Violence de l’Etat policier

Pour changer j’écris suite à un ras le bol.

Les manifestations du 1er Mai ont été l’occasion pour le Gouvernement français d’exacerber, encore une fois, les violences entre forces de l’ordre et manifestants.

Ne nous trompons pas de combat, le policier est aussi un travailleur bien que fonctionnaire. Il n’a pas de liberté d’action lorsqu’il est en service, comme tout à chacun lorsqu’il échange sa force de travail contre une rémunération. Le policier dans l’action ne peut pas avoir de vision globale de l’événement, ce n’est pas un sur-homme. Il s’en remet à sa hiérarchie, et comme dans tout système hiérarchique il obéit à 2 règles.

– Règle 1: Le chef a toujours raison.
– Règle 2: Si le chef a tort se référer à la règle 1.

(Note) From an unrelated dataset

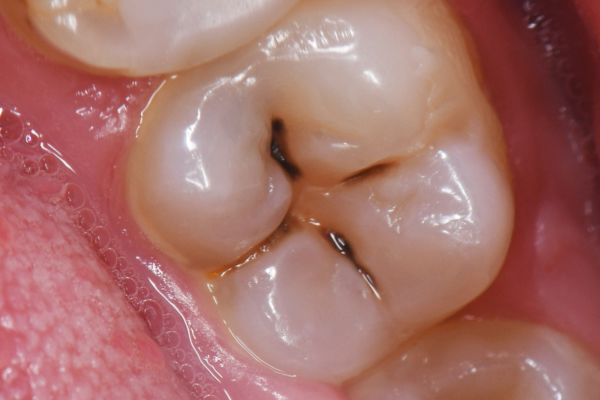 ※画像はイメージです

Il ne sert à rien non plus de reprocher le choix de devenir policier. Il y a autant de raisons qu’il y a de policiers, certains sont là par convictions, certains par pression sociale (nourrir une famille), certains par idéalisme voir entrisme, etc. Dans l’état actuel des choses on ne peut se passer de police du jour au lendemain cela reviendrait à accepter la loi du plus fort et voir émerger des milices privées.

Mais on ne peut pas faire comme si il n’y avait pas de violences injustes de la police envers des citoyens qu’elle est censée protéger. Les causes de cette violence sont plus le fait des donneurs d’ordres et politiques que des forces de l’ordre.
Policiers insuffisamment formés, sous-équipés, foule qu’on excite, situations que l’ont laisse s’envenimer jusqu’au point de non-retour, etc. Parfois même la sensation étrange qu’un groupe de casseur a été « convoyé » par les services du préfet. Les policiers en sont conscients et dénoncent aussi cet état de faits, mais leur statut ne leur permet pas d’être véhéments dans l’espace public.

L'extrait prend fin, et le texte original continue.